### [Records for processing]
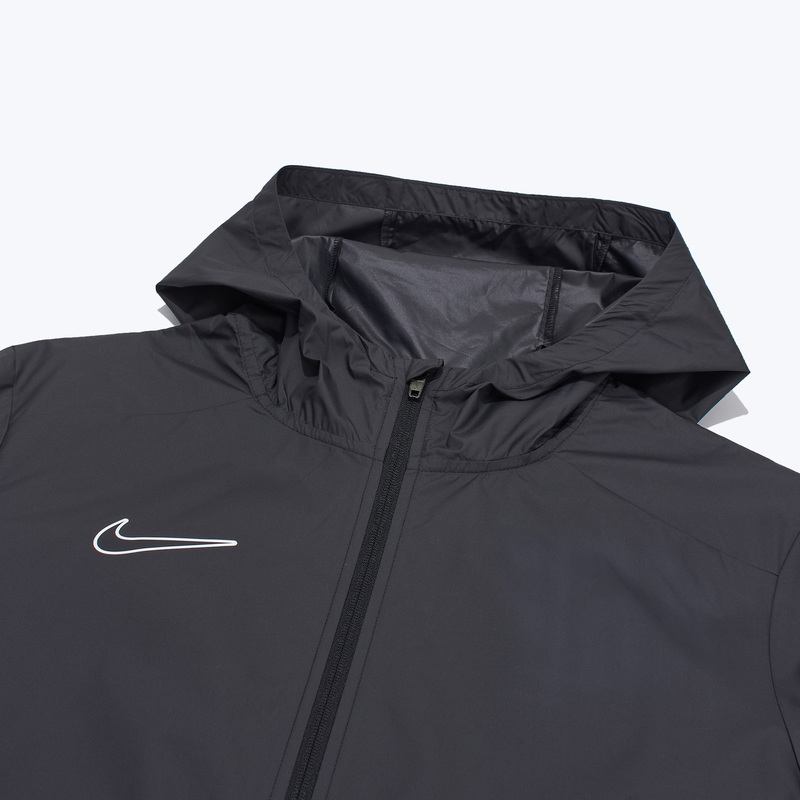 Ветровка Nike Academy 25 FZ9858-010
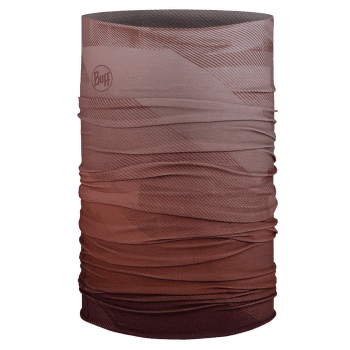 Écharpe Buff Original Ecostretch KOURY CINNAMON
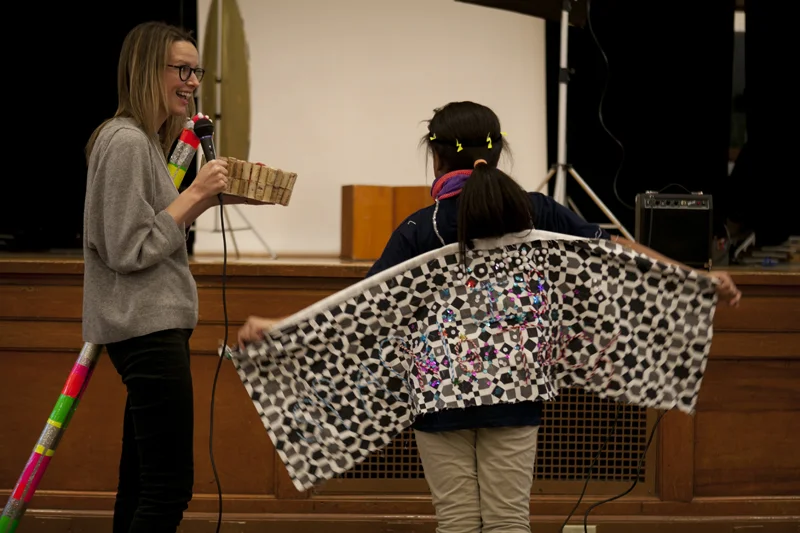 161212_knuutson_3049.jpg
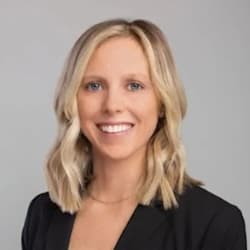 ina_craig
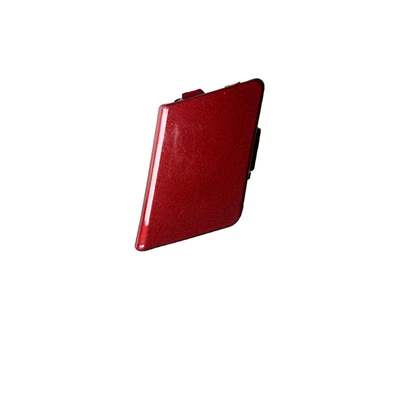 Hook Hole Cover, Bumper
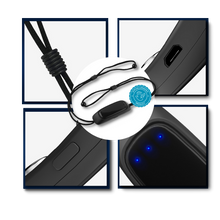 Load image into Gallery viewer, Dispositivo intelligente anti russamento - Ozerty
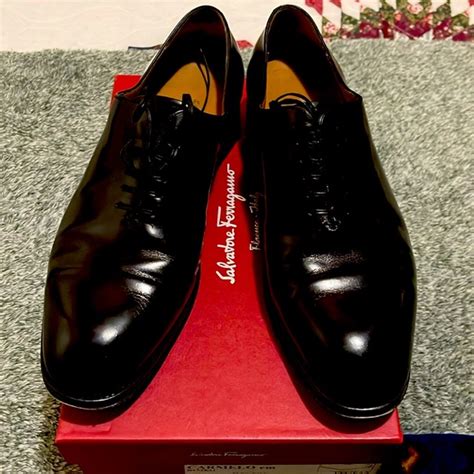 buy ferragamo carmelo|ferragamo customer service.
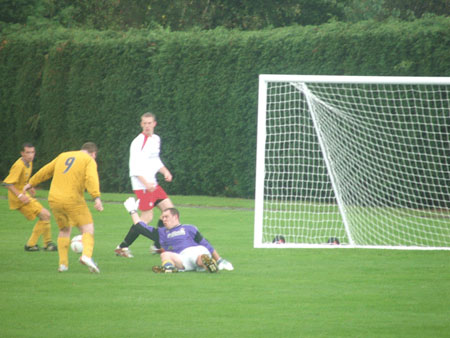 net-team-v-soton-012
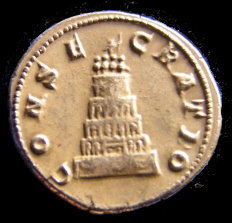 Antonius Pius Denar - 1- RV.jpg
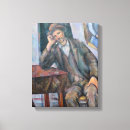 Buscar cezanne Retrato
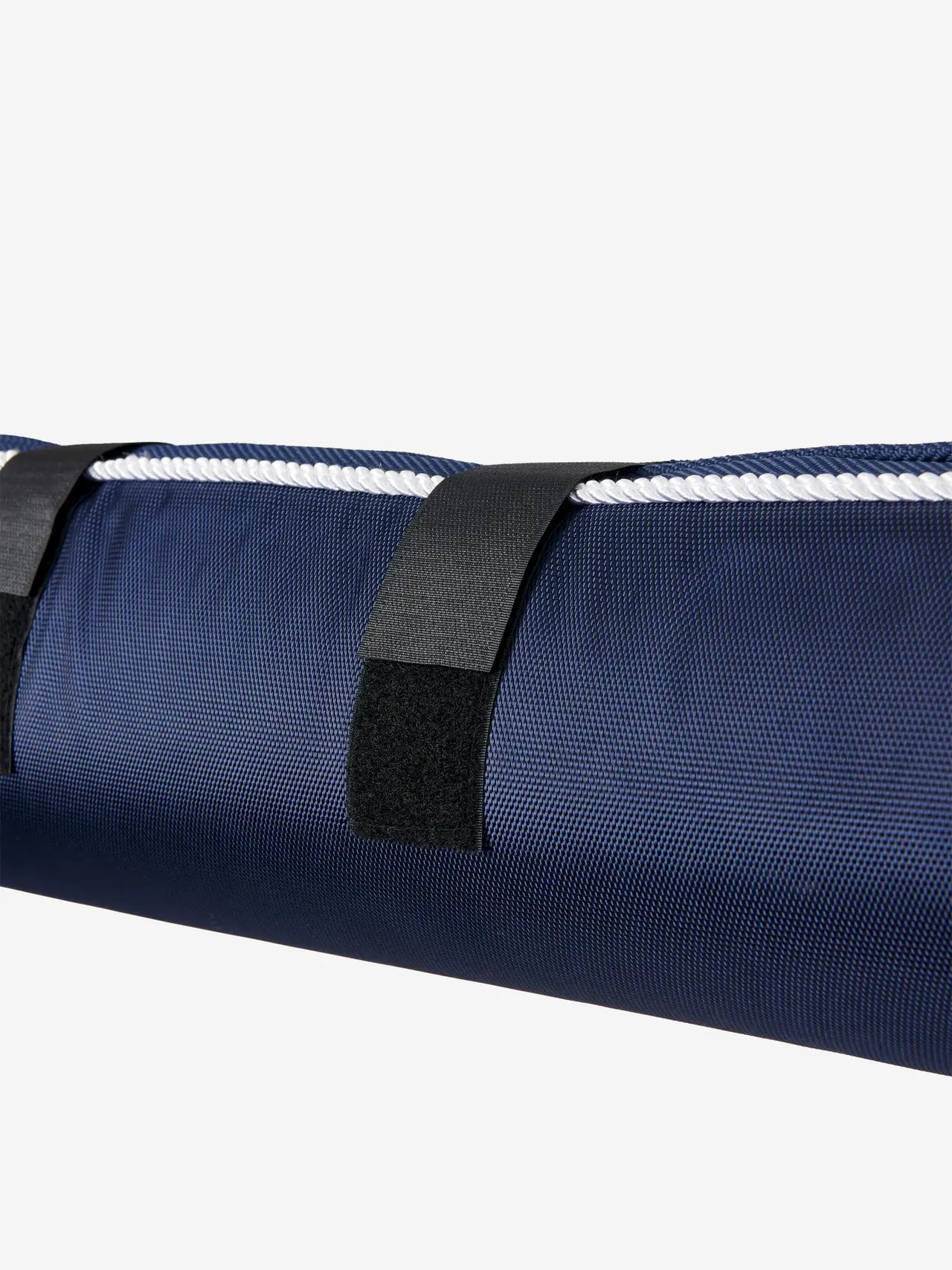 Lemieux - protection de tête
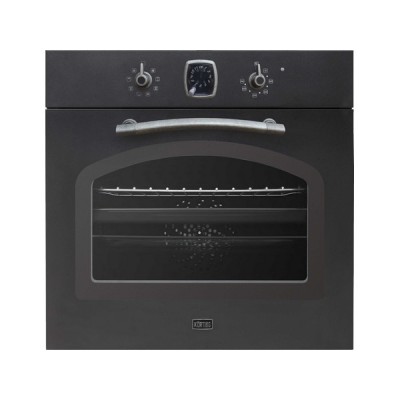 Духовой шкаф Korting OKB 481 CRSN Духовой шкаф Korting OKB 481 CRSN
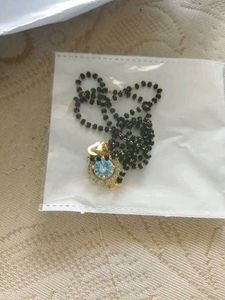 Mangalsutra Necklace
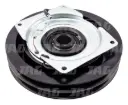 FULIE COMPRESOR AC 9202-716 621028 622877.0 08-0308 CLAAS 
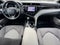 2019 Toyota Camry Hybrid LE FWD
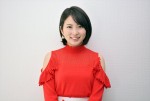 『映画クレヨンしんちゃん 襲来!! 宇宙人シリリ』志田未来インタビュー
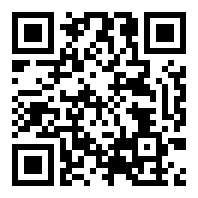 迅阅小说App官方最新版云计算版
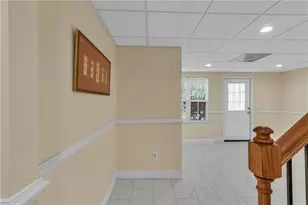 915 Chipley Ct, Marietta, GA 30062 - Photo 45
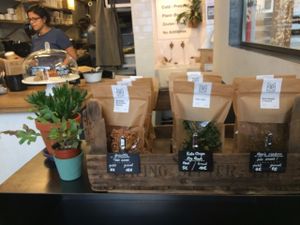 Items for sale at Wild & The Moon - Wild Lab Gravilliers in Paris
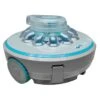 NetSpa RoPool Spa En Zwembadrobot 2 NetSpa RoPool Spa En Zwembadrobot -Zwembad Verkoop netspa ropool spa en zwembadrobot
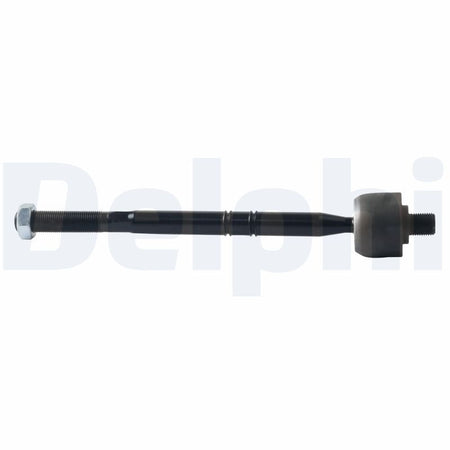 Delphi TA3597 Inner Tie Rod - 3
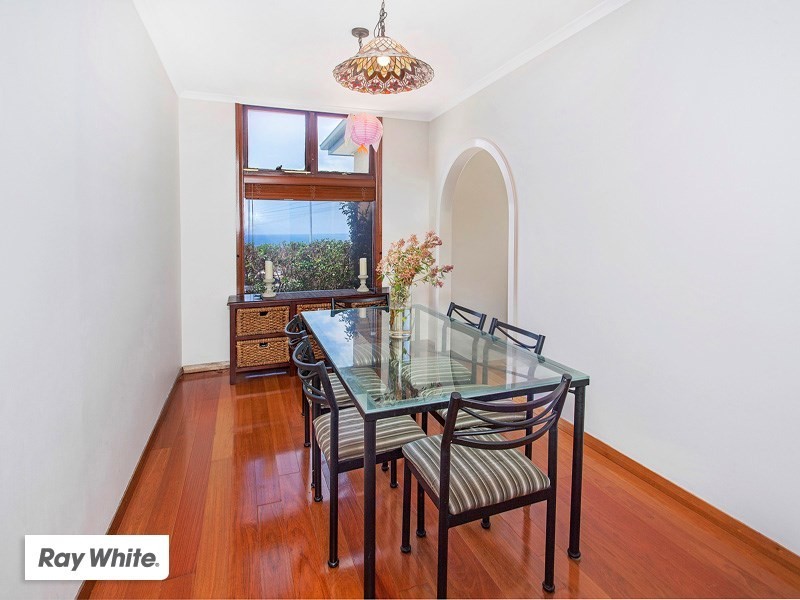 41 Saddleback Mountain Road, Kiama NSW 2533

### [Task brief]
Every record above must be copied exactly; none of the pictures belong in the copy.

### [Answer to this task]
 Ветровка Nike Academy 25 FZ9858-010
 Écharpe Buff Original Ecostretch KOURY CINNAMON
 161212_knuutson_3049.jpg
 ina_craig
 Hook Hole Cover, Bumper
 Load image into Gallery viewer, Dispositivo intelligente anti russamento - Ozerty
 buy ferragamo carmelo|ferragamo customer service.
 net-team-v-soton-012
 Antonius Pius Denar - 1- RV.jpg
 Buscar cezanne Retrato
 Lemieux - protection de tête
 Духовой шкаф Korting OKB 481 CRSN Духовой шкаф Korting OKB 481 CRSN
 Mangalsutra Necklace
 FULIE COMPRESOR AC 9202-716 621028 622877.0 08-0308 CLAAS 
 2019 Toyota Camry Hybrid LE FWD
 『映画クレヨンしんちゃん 襲来!! 宇宙人シリリ』志田未来インタビュー
 迅阅小说App官方最新版云计算版
 915 Chipley Ct, Marietta, GA 30062 - Photo 45
 Items for sale at Wild & The Moon - Wild Lab Gravilliers in Paris
 NetSpa RoPool Spa En Zwembadrobot 2 NetSpa RoPool Spa En Zwembadrobot -Zwembad Verkoop netspa ropool spa en zwembadrobot
 Delphi TA3597 Inner Tie Rod - 3
 41 Saddleback Mountain Road, Kiama NSW 2533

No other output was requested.